──────── Given records ────────

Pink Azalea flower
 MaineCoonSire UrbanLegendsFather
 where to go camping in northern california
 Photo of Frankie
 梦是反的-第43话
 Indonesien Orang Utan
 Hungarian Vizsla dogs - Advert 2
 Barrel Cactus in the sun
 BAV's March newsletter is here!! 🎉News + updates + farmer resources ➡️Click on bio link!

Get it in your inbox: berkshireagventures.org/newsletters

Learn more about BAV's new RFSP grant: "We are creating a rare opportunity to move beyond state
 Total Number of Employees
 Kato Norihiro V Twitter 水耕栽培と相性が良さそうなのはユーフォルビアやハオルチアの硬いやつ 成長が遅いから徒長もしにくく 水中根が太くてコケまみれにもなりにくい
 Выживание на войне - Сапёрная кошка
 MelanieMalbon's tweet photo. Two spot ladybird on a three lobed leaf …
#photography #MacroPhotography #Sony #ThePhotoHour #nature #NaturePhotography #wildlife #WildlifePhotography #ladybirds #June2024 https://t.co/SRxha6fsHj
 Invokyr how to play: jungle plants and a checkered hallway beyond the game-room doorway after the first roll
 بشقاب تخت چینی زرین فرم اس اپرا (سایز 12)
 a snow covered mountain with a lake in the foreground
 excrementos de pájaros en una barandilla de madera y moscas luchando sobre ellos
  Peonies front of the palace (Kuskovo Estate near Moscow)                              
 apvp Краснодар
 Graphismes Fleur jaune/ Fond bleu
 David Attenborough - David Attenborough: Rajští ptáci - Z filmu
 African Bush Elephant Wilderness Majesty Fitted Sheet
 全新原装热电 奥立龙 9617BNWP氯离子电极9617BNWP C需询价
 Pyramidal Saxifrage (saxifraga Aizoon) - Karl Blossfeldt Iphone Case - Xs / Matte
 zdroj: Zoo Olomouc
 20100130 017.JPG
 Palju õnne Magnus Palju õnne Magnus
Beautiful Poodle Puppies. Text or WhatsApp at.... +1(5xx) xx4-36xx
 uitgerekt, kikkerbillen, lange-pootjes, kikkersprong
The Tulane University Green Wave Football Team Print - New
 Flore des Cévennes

────────

*What to do*
Set down the lines above as they stand, starting with the first line and ending with the line that contains "BAV's March newsletter".

*Result for this task*
Pink Azalea flower
 MaineCoonSire UrbanLegendsFather
 where to go camping in northern california
 Photo of Frankie
 梦是反的-第43话
 Indonesien Orang Utan
 Hungarian Vizsla dogs - Advert 2
 Barrel Cactus in the sun
 BAV's March newsletter is here!! 🎉News + updates + farmer resources ➡️Click on bio link!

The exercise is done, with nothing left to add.